= Assignment =
Though the entries hold pictures, only their text should be duplicated, exactly and in full.

= Stored data entries =
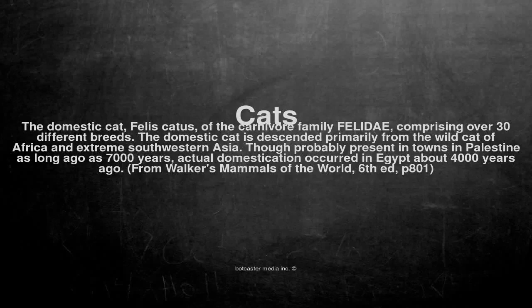Cats. The domestic cat, Felis catus, of the carnivore family Felidae, comprising over 30 different breeds.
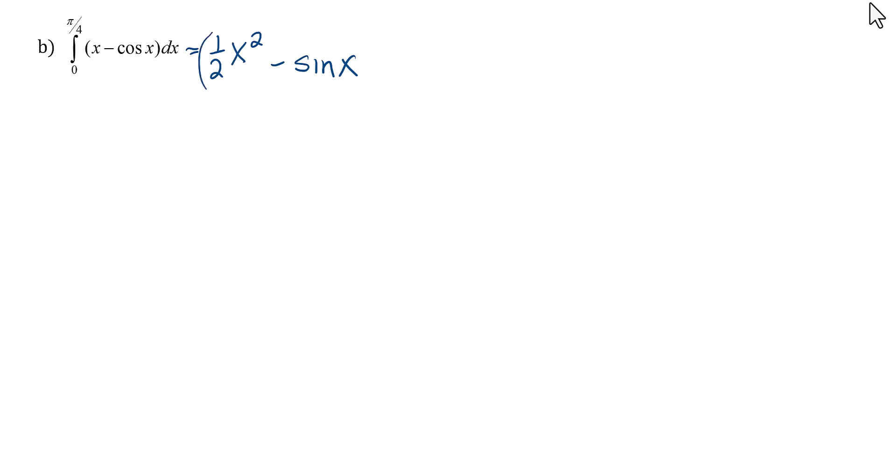And now we need to take that and evaluate it from 0 to pi over 4. So let's go ahead and do that. So we're going to do f of pi over 4 minus f of 0.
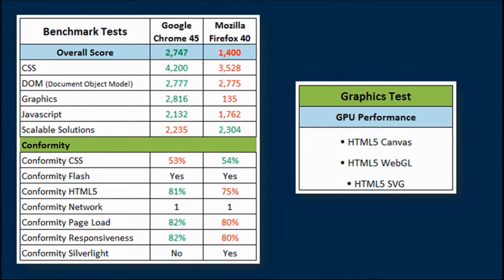Of course, these benchmark test results and scores will be different for different computers, so your scores will probably look different than mine.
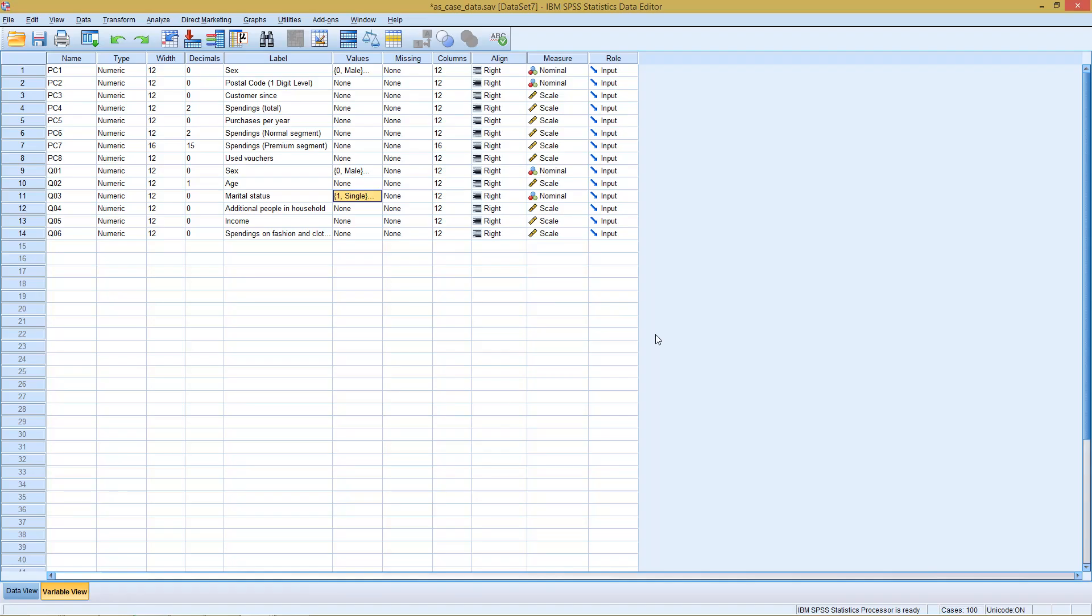Welcome to today's part of this SPSS methodology. This time with a unit on nonlinear regression.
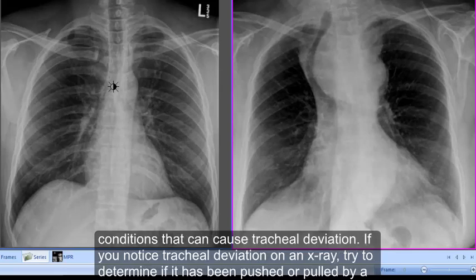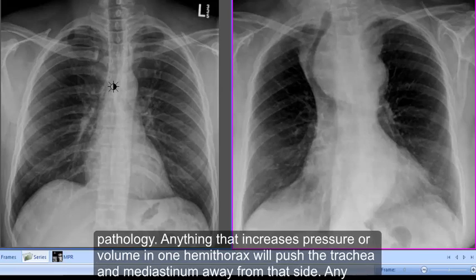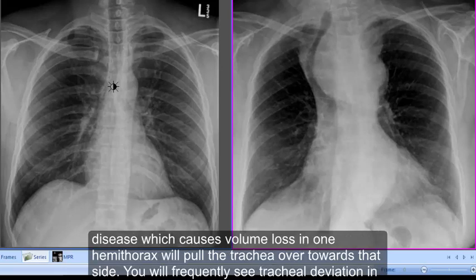If you notice tracheal deviation on an x-ray, try to determine if it has been pushed or pulled by a pathology. Anything that increases pressure or volume in one hemithorax will push the trachea and mediastinum away from that side. Any disease which causes volume loss in one hemithorax will pull the trachea over towards that side.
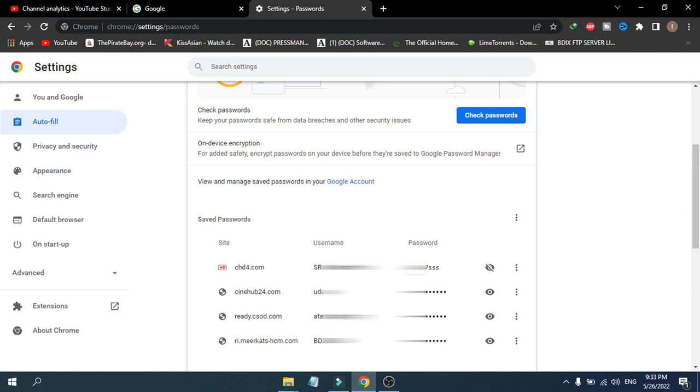This is how you view saved passwords in Google Chrome. If you found this video helpful, please subscribe to this channel and thank you for watching.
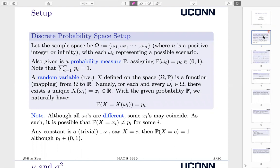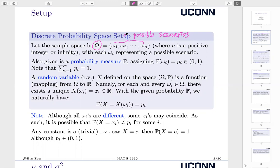Let's begin with some basics. Here is a basic setup for discrete probability problems. We will consider a sample space denoted by big omega. This is called big omega, and it includes all the possible scenarios — omega-1, omega-2, all the way to omega-n. Here n is either a positive integer or even can be infinity, with each omega-i representing a possible scenario. We will have many examples later on to actually cast this meaning in a particular example.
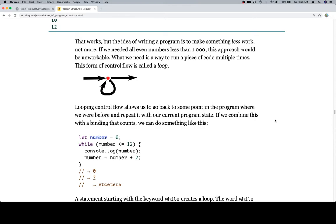I'm going to apologize — I'm in allergy season, so that's going to be part of this. Looping control flow allows us to go back to some point in the program where we were before and repeat it with our current program state. If we combine this with a binding that counts, we can do something like this.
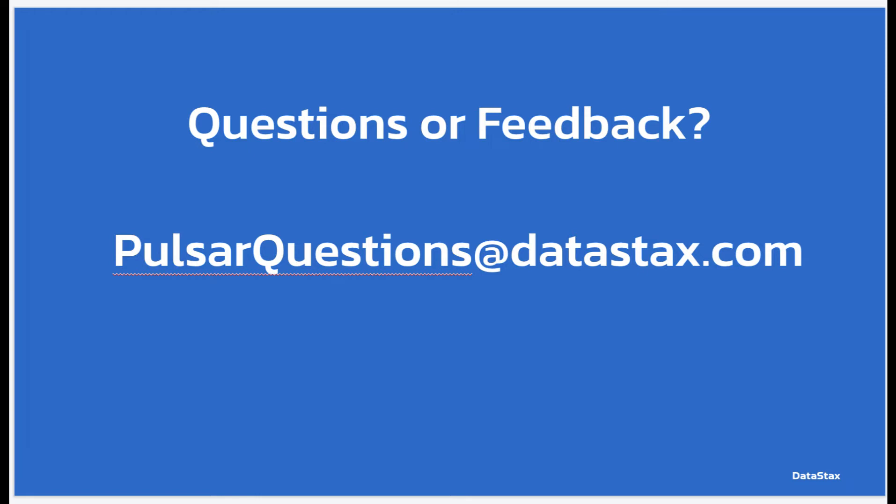If you have any questions or feedback, you can leave a comment below or email us at pulsarquestions at datastacks.com. That will go to the entire Pulsar team here at Datastacks. We have lots of Pulsar experts that would be happy to help answer any questions you might have or help you with any Pulsar problems you might be experiencing.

= Answer box =
Cats. The domestic cat, Felis catus, of the carnivore family Felidae, comprising over 30 different breeds.
And now we need to take that and evaluate it from 0 to pi over 4. So let's go ahead and do that. So we're going to do f of pi over 4 minus f of 0.
Of course, these benchmark test results and scores will be different for different computers, so your scores will probably look different than mine.
Welcome to today's part of this SPSS methodology. This time with a unit on nonlinear regression.
If you notice tracheal deviation on an x-ray, try to determine if it has been pushed or pulled by a pathology. Anything that increases pressure or volume in one hemithorax will push the trachea and mediastinum away from that side. Any disease which causes volume loss in one hemithorax will pull the trachea over towards that side.
This is how you view saved passwords in Google Chrome. If you found this video helpful, please subscribe to this channel and thank you for watching.
Let's begin with some basics. Here is a basic setup for discrete probability problems. We will consider a sample space denoted by big omega. This is called big omega, and it includes all the possible scenarios — omega-1, omega-2, all the way to omega-n. Here n is either a positive integer or even can be infinity, with each omega-i representing a possible scenario. We will have many examples later on to actually cast this meaning in a particular example.
I'm going to apologize — I'm in allergy season, so that's going to be part of this. Looping control flow allows us to go back to some point in the program where we were before and repeat it with our current program state. If we combine this with a binding that counts, we can do something like this.
If you have any questions or feedback, you can leave a comment below or email us at pulsarquestions at datastacks.com. That will go to the entire Pulsar team here at Datastacks. We have lots of Pulsar experts that would be happy to help answer any questions you might have or help you with any Pulsar problems you might be experiencing.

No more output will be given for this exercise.